Based on the "400 kbit/s ack only traffic to download with 16 mbit/s", I added another pattern, "FTP client", which is (epsilon, 1, 0.025, epsilon/5), where epsilon is somewhat arbitrarily chosen (I let it be 2.5E-4).

I've tried using them as a next example of calculation:

K=20. A=0.8, B=16 [mb/s].
"p2p upload" and "p2p download" are constrained by an upper limit of 10%.
"other bulk upload" and "other bulk download" are constrained by an upper limit of 20%.
"web server" and "web surf" are excluded (i.e. upper limited by 0).

Let v7 be the "activity" variable for FTP client (unconstrained).

Given that, WAN acks reached its maximum = 60,59% (while LAN acks reached 0.34% which isn't its maximum) at (v1 = 1.6; v3=2.483; v7=11.863), both links saturated.

As noted, my traffic patterns are only illustrative ("bulk download" and "bulk download" was based on audio streaming), to be accurate one would collect his/her own FTP download traffic patterns, say, from the values shown by pftop in its "Queues" screen in "P/S" (packets/second) and "B/S" (bytes/second) columns for qWANack, qLANack, qWANothers, qLANothers, qFTPup, qFTPdown when running (almost) solely FTP at full load.
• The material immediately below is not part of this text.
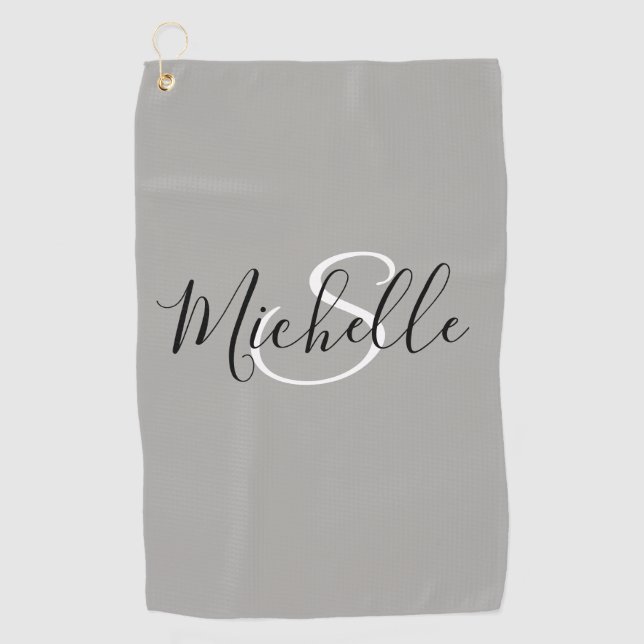 Toalla De Golf Personalizado Simple Moderno Monograma (Anverso)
Where qWANothers (qLANothers) is the sum of all uplink (downlink) queues except qWANack (qLANack), qFTPup and qFTPdown are the queues containing FTP traffic.

hoba

If you want to calculate a trafficshapingsetup for my connection and give me advice how to configure it or even sending me the trafficshaperpart of the config.xml (you can backup only this part from your pfSense) I can test it for you and report back how well these settings work. If we get some good results we can start integrating your formulars into the wizard ;D

dusan

As you can see, even with not-so-cool traffic patterns, my first attempt for an open formula (post#1) fails. For now, I can only offer closed formulas which must be solved by linear programming solvers.

Linear programming based on traffic patterns cannot answer the "What should I do" question, so it cannot recommend any optimal traffic shaping setup. It can only answer the "What if" questions. For example:

What maximum % qWANack would reach if I run p2p limited by 80% bandwidth, surf Web and check email at most 50% bandwidth and download FTP unlimited?
Isn't that maximum too overestimated if I want to exploit my downlink at 90%?
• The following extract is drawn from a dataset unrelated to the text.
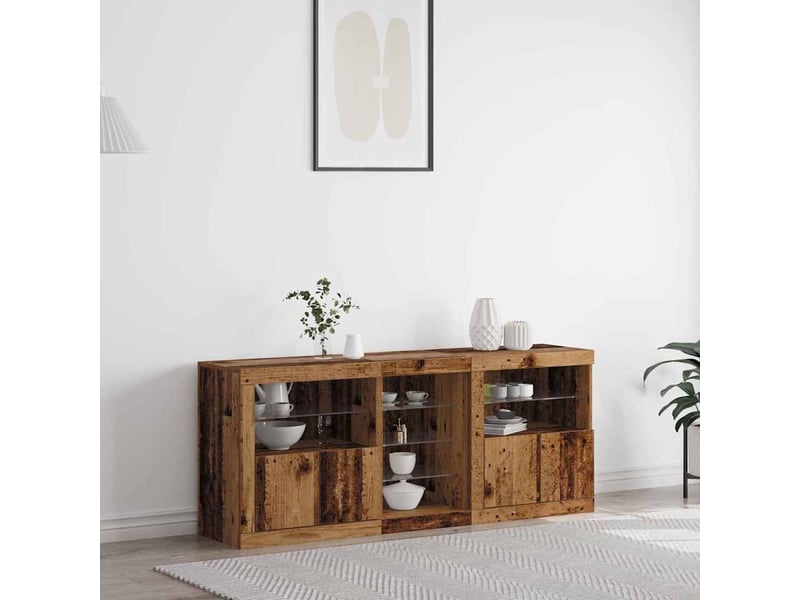  Buffet - bahut - meuble de rangement led bois ancien 162 x 37 x 67 cm bois d'ingénierie  - Conforama B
Note that if we want to predict the behavior with respect to linkshare setup, we must constrain not only the variables v_i but also ratios between some of them. Then the problem goes beyond the scope of linear programming. However, one can still analyze it with the same "traffic pattern" approach, using a non-linear solver (MS Excel, for example).

Can we still develop an (empirical) open formula? Yes we can, but much works must be done before any second attempt:

1. Collect more realistic traffic patterns.
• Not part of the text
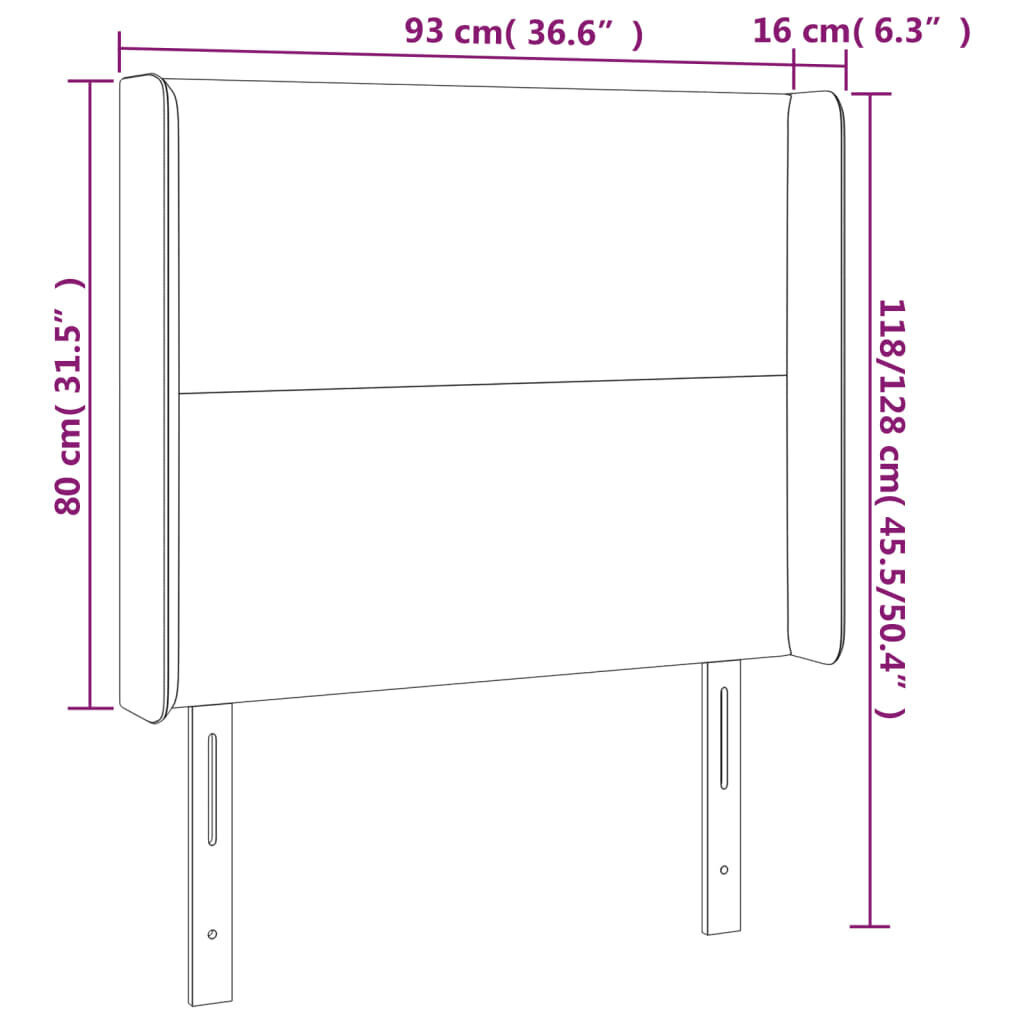 vidaXL gultas galvgalis ar LED, 93x16x118/128 cm, melns audums cena un informācija | Gultas | 220.lv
2. Select several of them as representatives.

3. Analyze and estimate the maximum bandwidth of qWANack (maybe qLANack too) for K=2, 4, 8, 16, 20, 24 and 32 (if any).

4. Let people try them out. Listen to feedback.

If no problems are reported, build the formula and (if it's desired,) integrate it to the wizard.

–--------------------
Hoba,

Pls, PM me your email address and I'll send you my spreadsheet. (You'll need MS Windows and Excel.)

sullrich

What about a userland daemon that watches traffic and dynamically alters the HFSC profile as traffic patterns change?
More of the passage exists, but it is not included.